III Definition of the Term
Categorising them as cassatory decisions, the legislator first identifies relative procedural errors negatively, through their outcome: these faults cannot be identified as grounds that (a) lead to the verdict being quashed and the criminal proceedings being dismissed, or (b) form part of the cassatory decisions enumerated in an exhaustive list. The second defining element is that they cannot be remedied by the second instance court; if it were possible, overturning them would be unnecessary, and the court of appeals ought to be able to correct the error with its reformatory powers. The third element is that the violation should have a substantive effect on the course of the proceedings, the conviction, the classification of the crime, the sentencing or the application of a measure. The ‘substantive effect’ must be decided on a case-by-case basis. The lack of an objective standard, therefore, leads to the fundamental issue below. A procedural error of a similar nature may be deemed a relative error in case A, leading to the decision being overruled, whereas in case B, the existence of the infringement may be determined but without the ‘substantive effect’. In practice, this means that neither the legislator nor the court will sanction the error.
The new Code of Criminal Procedure gives examples of procedural errors in Section 609 (2). These may belong within the errors defined above, offering some guidelines for the courts.
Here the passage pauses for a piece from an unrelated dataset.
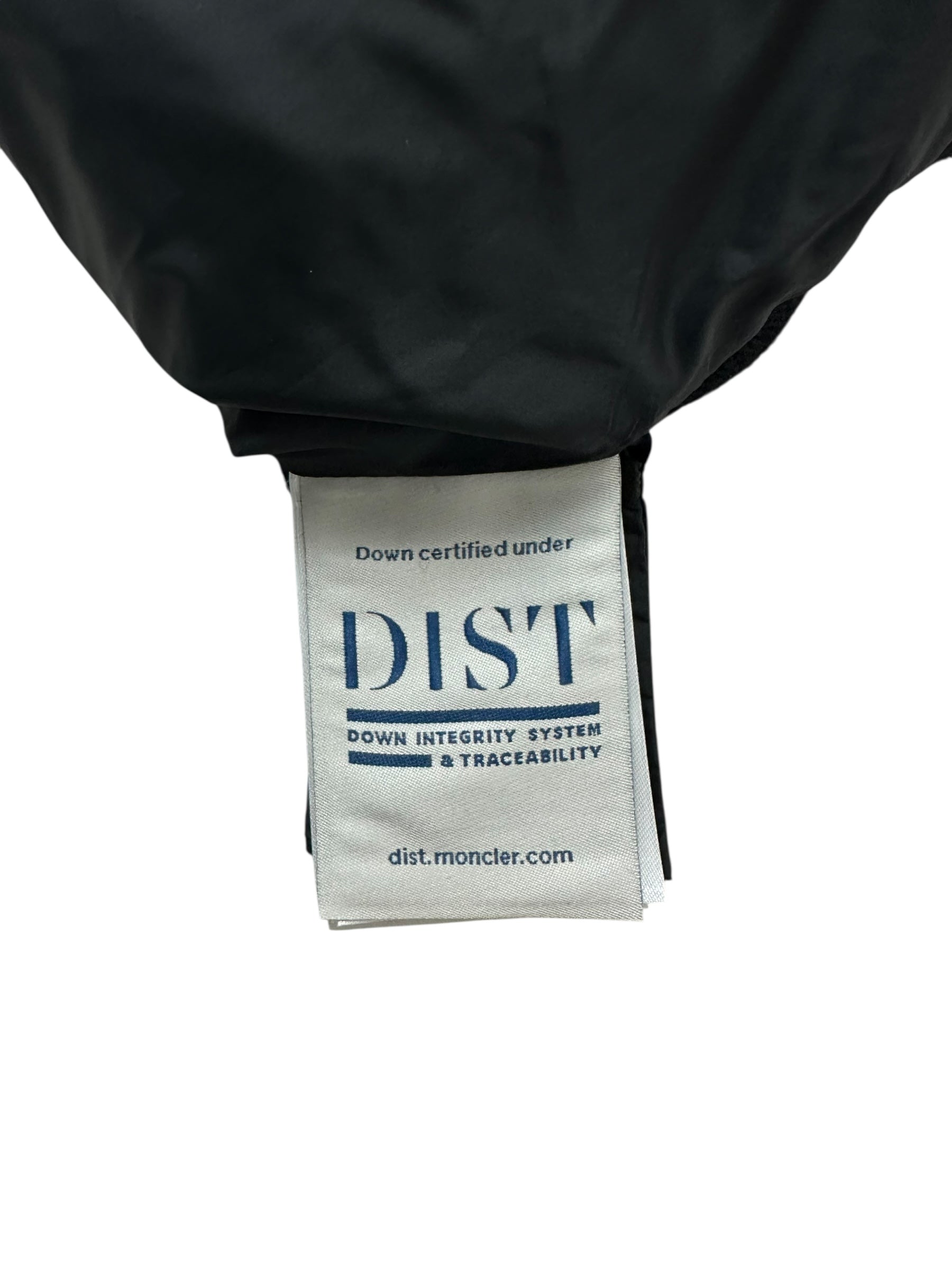 CARDIGAN MONCLER - NOIR - TAILLE L- NEUF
In the following parts, I will describe the new provisions.
1 The Rules of Evidence Were Breached after the Indictment
As regards the law of evidence, the new Code only provides that, throughout the detection, collection, securing and usage of the pieces of evidence, the Code must be followed.  In addition, it mentions that it may specify ways of performing and conducting measures of inquiry, as well as the examination and recording of the means of evidence. Naturally, these rules must be respected if encountered.
By the way, this relative procedural error also featured in the former CP. Even so, the phrase ‘after indictment’ is a novelty. Prima facie, it might give rise to worries, since one of the interpretations is that pre-indictment violations of the rules of evidence will be ‘forgotten’, and it assumes that that the law of evidence may only be breached before the court. Presumably the legislator did not intend this outcome; it sought instead to draw attention to the fact that from now on it becomes the court’s responsibility to notice and, if possible, correct these errors. Otherwise, adopting a different interpretation, the list exhausts possible breaches and the absent legal consequences become endless. (Irrespective of this explanation, it not truly plain why this phrase was introduced if the meaning itself has remained the same anyway.)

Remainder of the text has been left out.